Amazon lobbies to pay more tax in the US

Yes, you read that right.

The American Senate has passed – with a fairly overwhelming 70-24 majority – an early version of the "Marketplace Fairness Act", which aims to give states a route to collect sales tax for goods sold online. That progress will please one of the bill's most surprising supporters: Amazon.

In the US, sales tax for mail-order purchases is supposed to be paid in the state of the buyer, not the seller. This means that the retailer doesn't charge any tax, and the customer is supposed to declare that they owe a certain amount to their state's tax collector. In practice, of course, this doesn't happen, and purchases from out-of-state retailers are essentially tax-free.

Naturally, retailers who do have to pay sales tax – both brick-and-mortar stores and online retailers shipping largely to their own state – are unhappy with this state of affairs, as are the people in charge of trying to plug the multi-billion dollar shortfall that occurs.
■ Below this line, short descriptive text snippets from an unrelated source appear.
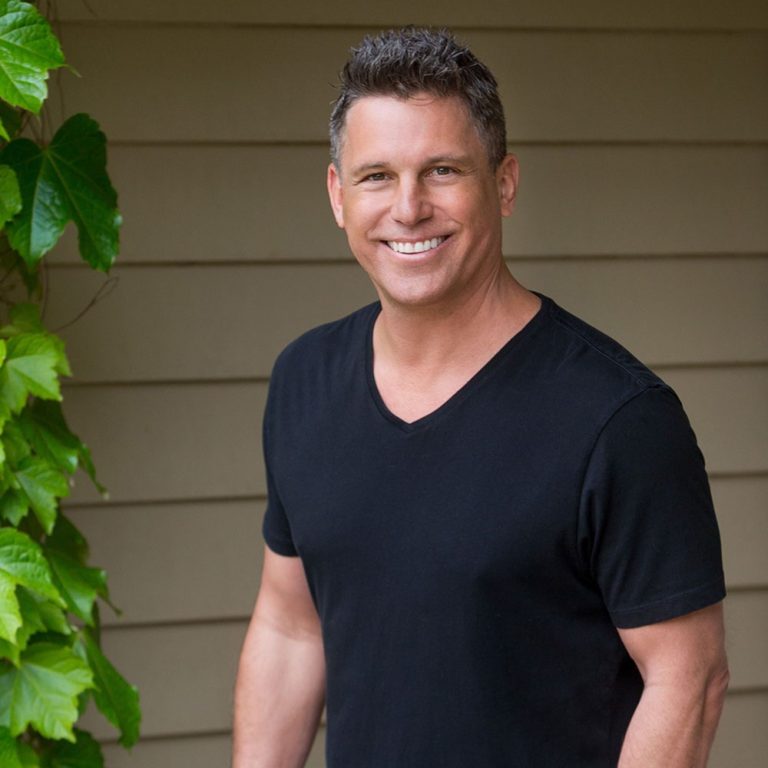 Chris Helder Headshot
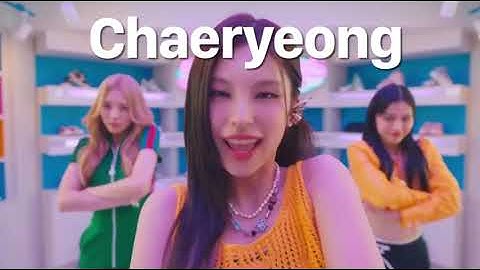 every itzy member singing “sneakers” chorus 👟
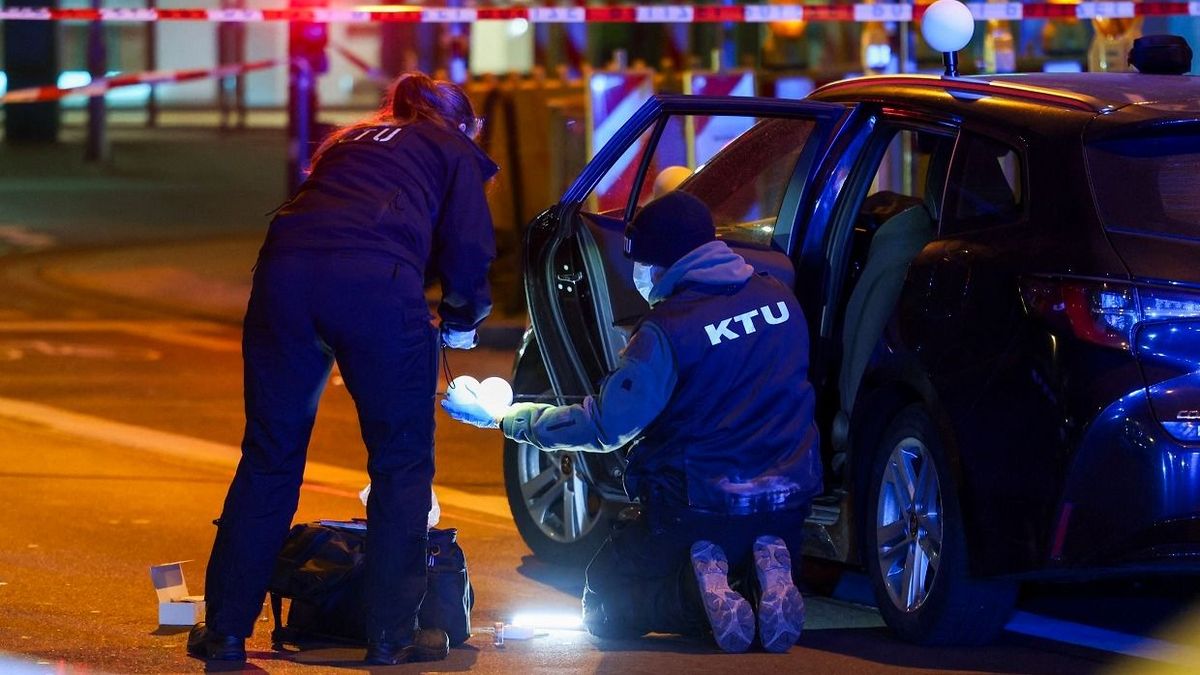 Rendőrök helyszínelnek az utcán a németországi Düsseldorfban, miután ismeretlenek lelőttek egy Uber taxiban ülő férfit a belvárosban, 2025. március 13-án. (Fotó: Christoph Reichwein/dpa/Picture-alliance/AFP)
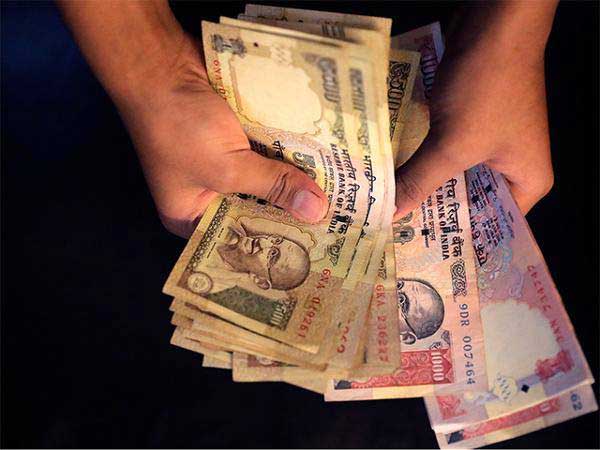 अगर आपके पास टैक्सी के खुले पैसे ना हो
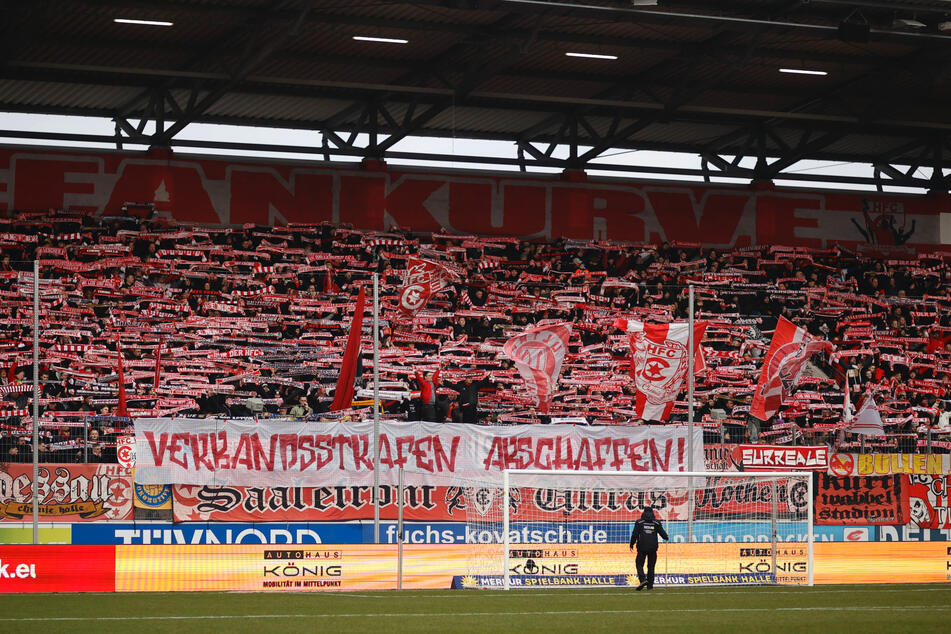 Fans des Halleschen FC wurden nach dem Abpfiff am Samstag angegriffen.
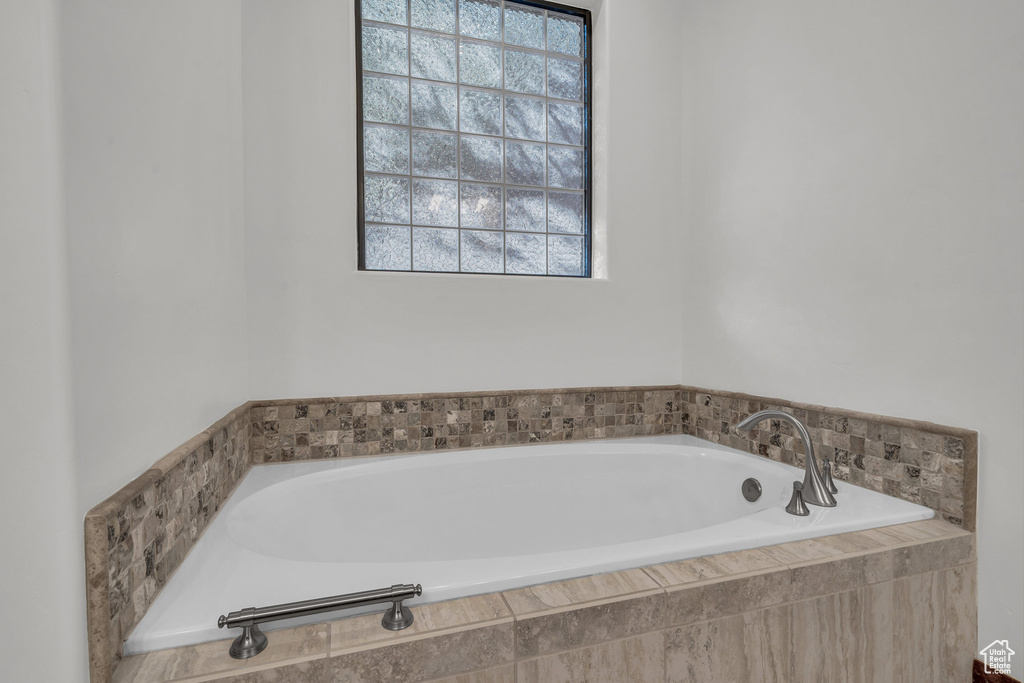 Photo 22 for MLS #2109027 at 2139 W Cougar Rock Cir #195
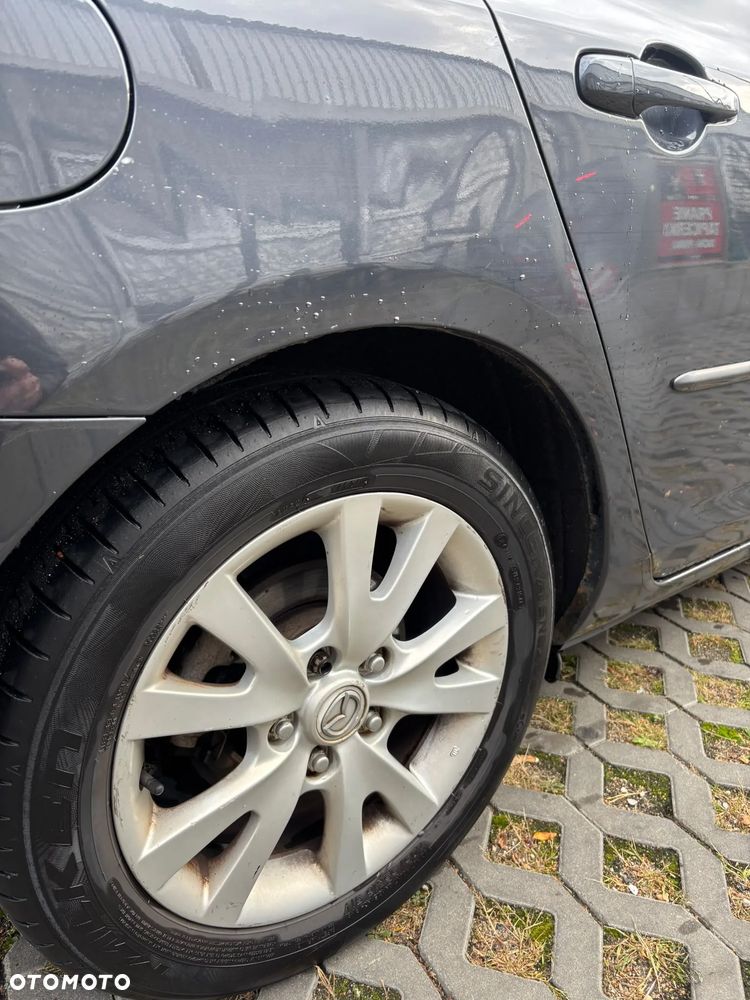 Mazda 3 - 7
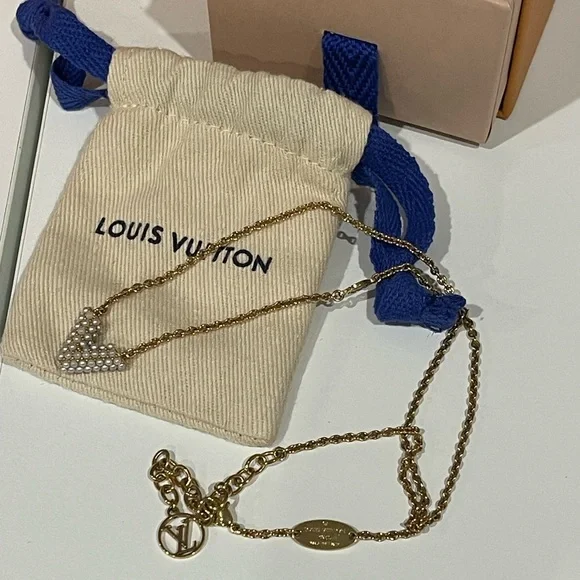Pearl Louis Vuitton necklace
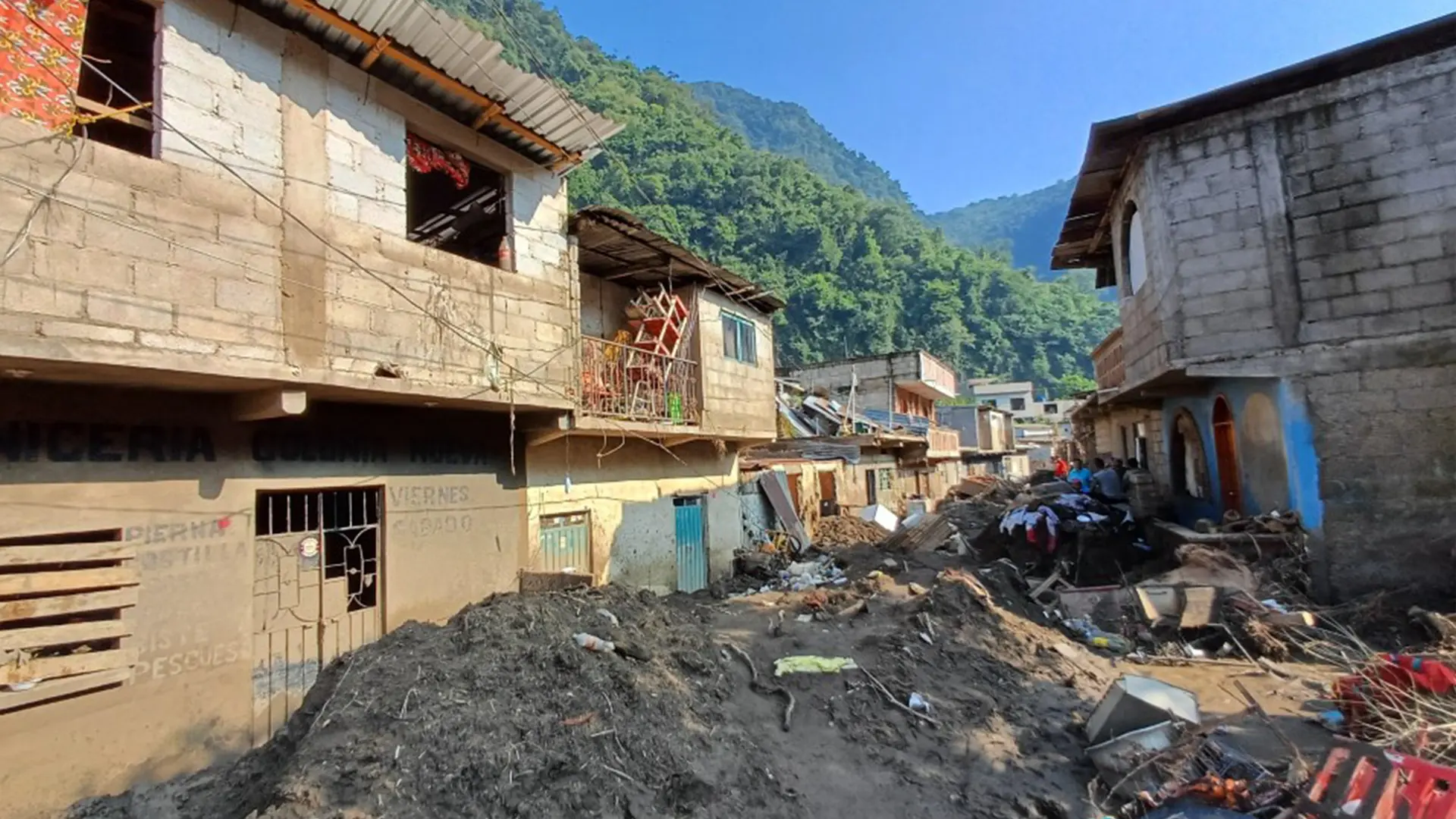 El lodo cubrió por completo muchas casa y todas las calles de la colonia La Nueva, la más afectada en la cabecera municipal de Huehuetla.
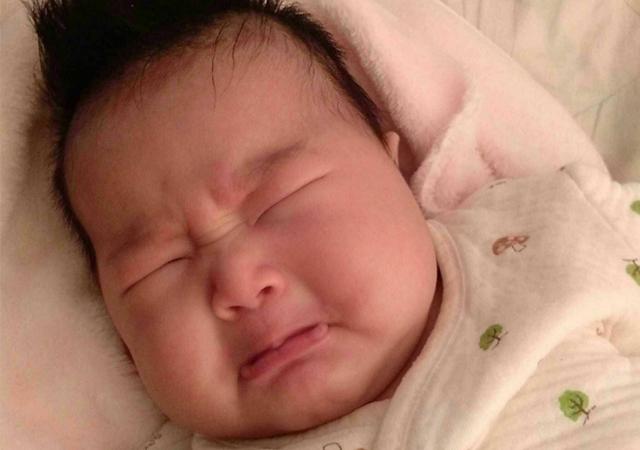 一哭就抱会宠坏孩子？研究证明：不抱才是在害ta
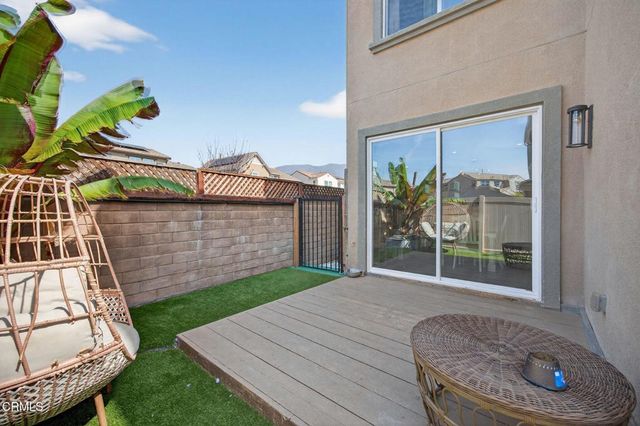 562 Kumquat Court, Santa Paula, CA 93060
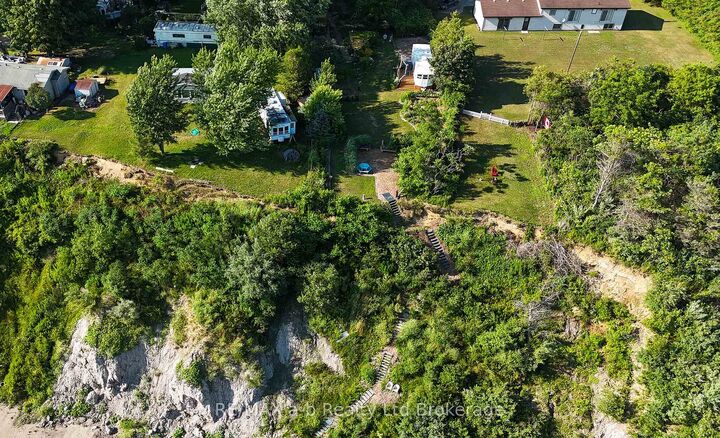 Property Photo:  55424 Lakeshore Road  ON N0J 1T0 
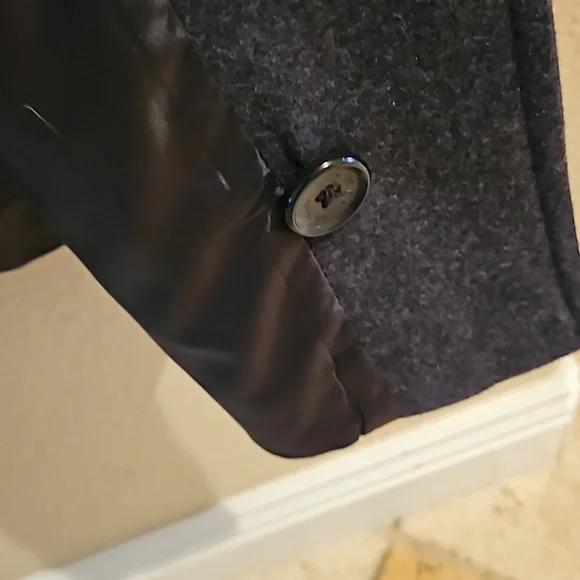 Gorgeous wool coat. Worn once only . Sent To Consignment - Picture 5 of 6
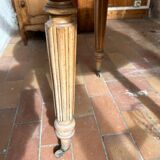 Round drop-leaf table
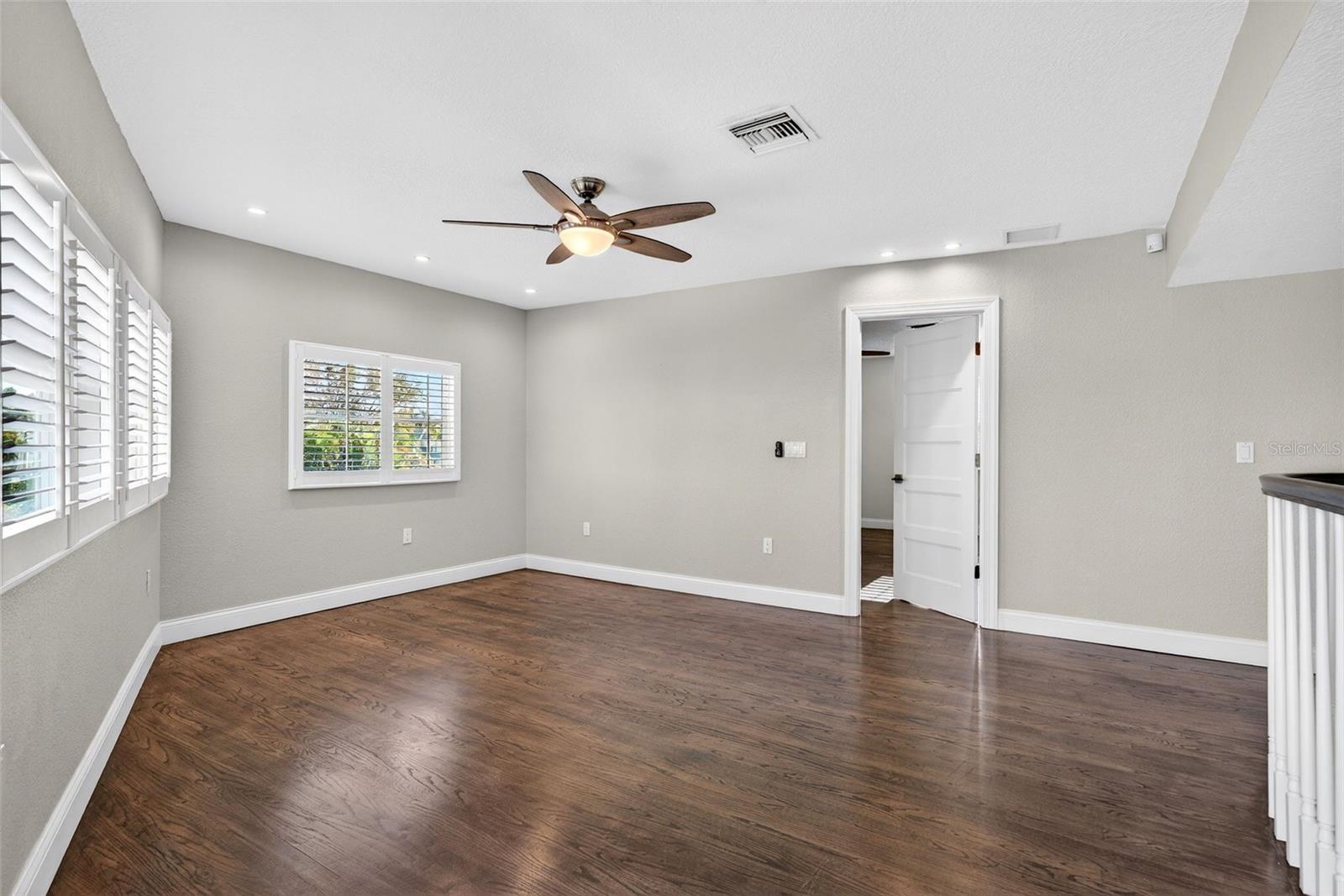 562 RANGER LN — photo 64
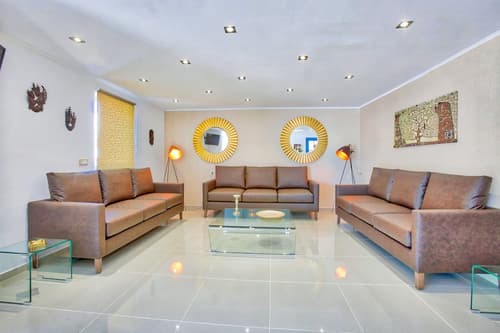 Happy Days Studios, Reception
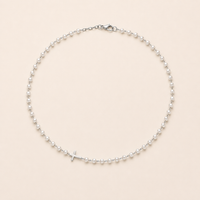 Collier de perles à croix – finition argentée
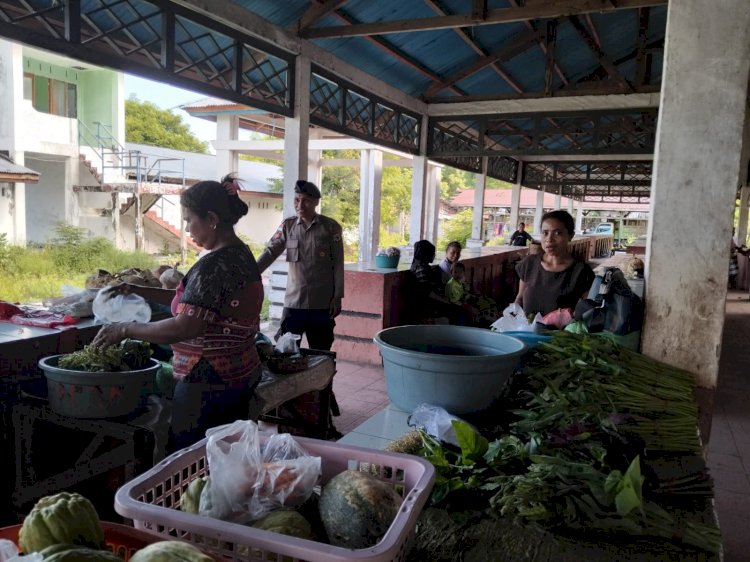 Polsek Abal Gelar Patroli Dialogis di Pasar Kokar, Sampaikan Himbauan Kamtibmas dan Antisipasi Cuaca Ekstrem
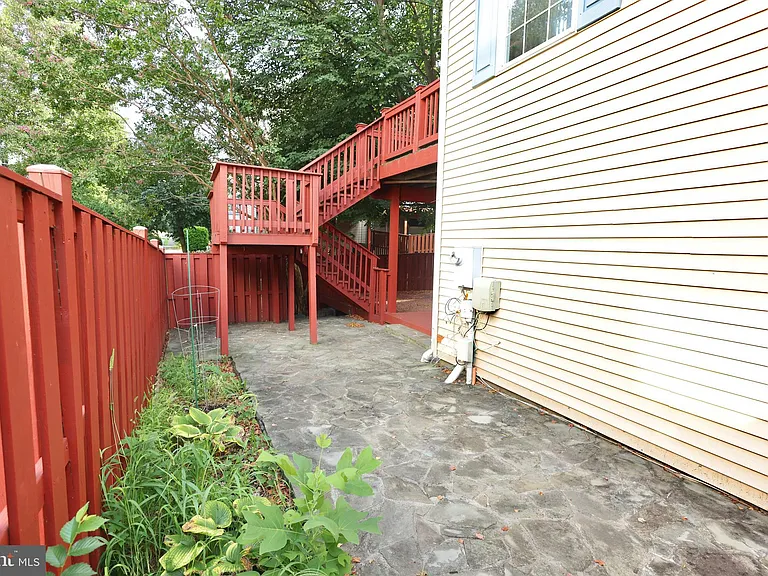 6633 Creek Point Way — Photo 36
But the support of Amazon is less obvious: after all, the company takes advantage of tax planning measures worldwide, and ships a huge number of things across state lines, avoiding tax in the process.

But Amazon has fought this battle before. Until a few years ago, it stubbornly resisted paying sales tax, but in Autumn 2011, it switched course. Slate's Farhad Manjoo reports that:

Over the course of the next couple years, Amazon will begin collecting sales tax from residents of Nevada, New Jersey, Indiana, Tennessee, Virginia, and on July 1, it began collecting taxes from Texans. It also currently collects taxes from residents of Kansas, Kentucky, New York, North Dakota, and its home state of Washington.

As Manjoo points out, the reason for the shift is pretty clear. If you're trying to deliver things within a week or two of their being ordered, it makes sense to centralise your operations in one state to minimise your tax take. But if you're trying to deliver within a day or two – or even an hour or two – of the order, you're going to need physical locations in every state, and most major cities. And if that's the case, then you've given up your tax advantage – so it makes sense to get your competitors to give up theirs, too.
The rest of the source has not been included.